(Beginning of STUDY MATERIAL)
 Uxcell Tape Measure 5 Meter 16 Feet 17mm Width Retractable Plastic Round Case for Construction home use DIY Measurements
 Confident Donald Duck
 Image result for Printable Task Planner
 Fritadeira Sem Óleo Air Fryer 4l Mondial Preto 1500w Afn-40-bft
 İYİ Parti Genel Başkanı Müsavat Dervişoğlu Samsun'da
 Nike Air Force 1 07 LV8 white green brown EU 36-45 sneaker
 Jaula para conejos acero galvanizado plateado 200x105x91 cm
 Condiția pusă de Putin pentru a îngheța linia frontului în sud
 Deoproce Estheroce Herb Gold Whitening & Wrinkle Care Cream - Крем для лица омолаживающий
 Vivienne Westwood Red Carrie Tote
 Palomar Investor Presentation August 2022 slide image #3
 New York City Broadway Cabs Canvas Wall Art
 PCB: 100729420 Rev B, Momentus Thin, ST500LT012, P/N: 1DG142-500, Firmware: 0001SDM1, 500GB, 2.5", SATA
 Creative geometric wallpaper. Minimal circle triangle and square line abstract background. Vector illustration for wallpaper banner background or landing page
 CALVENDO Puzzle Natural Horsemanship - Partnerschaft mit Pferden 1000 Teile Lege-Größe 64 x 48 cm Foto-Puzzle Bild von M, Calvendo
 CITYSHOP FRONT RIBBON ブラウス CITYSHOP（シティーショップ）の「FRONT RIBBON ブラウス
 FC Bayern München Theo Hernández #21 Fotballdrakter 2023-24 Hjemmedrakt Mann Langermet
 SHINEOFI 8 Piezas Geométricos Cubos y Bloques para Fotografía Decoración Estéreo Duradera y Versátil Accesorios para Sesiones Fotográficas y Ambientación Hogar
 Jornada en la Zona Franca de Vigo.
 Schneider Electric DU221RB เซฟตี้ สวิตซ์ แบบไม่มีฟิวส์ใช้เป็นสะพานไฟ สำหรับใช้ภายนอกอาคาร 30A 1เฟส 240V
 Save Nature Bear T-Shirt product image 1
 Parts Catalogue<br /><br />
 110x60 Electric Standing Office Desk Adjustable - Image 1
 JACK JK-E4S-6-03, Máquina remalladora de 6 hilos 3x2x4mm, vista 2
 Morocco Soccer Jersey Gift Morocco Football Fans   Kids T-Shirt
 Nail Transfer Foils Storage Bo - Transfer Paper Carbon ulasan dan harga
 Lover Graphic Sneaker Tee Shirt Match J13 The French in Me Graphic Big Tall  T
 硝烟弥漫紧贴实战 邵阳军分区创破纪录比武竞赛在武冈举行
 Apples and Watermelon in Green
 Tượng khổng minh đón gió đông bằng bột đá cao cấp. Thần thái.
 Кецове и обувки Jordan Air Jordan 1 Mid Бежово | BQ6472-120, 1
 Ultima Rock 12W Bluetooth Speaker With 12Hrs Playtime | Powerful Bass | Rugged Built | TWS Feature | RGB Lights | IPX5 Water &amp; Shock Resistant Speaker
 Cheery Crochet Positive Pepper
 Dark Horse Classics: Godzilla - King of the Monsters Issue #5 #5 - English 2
(End of STUDY MATERIAL)
> **BRIEF**:
All lines in the records with the string "Electric" should be copied out.

> **ANSWER BELOW**:
 Schneider Electric DU221RB เซฟตี้ สวิตซ์ แบบไม่มีฟิวส์ใช้เป็นสะพานไฟ สำหรับใช้ภายนอกอาคาร 30A 1เฟส 240V
 110x60 Electric Standing Office Desk Adjustable - Image 1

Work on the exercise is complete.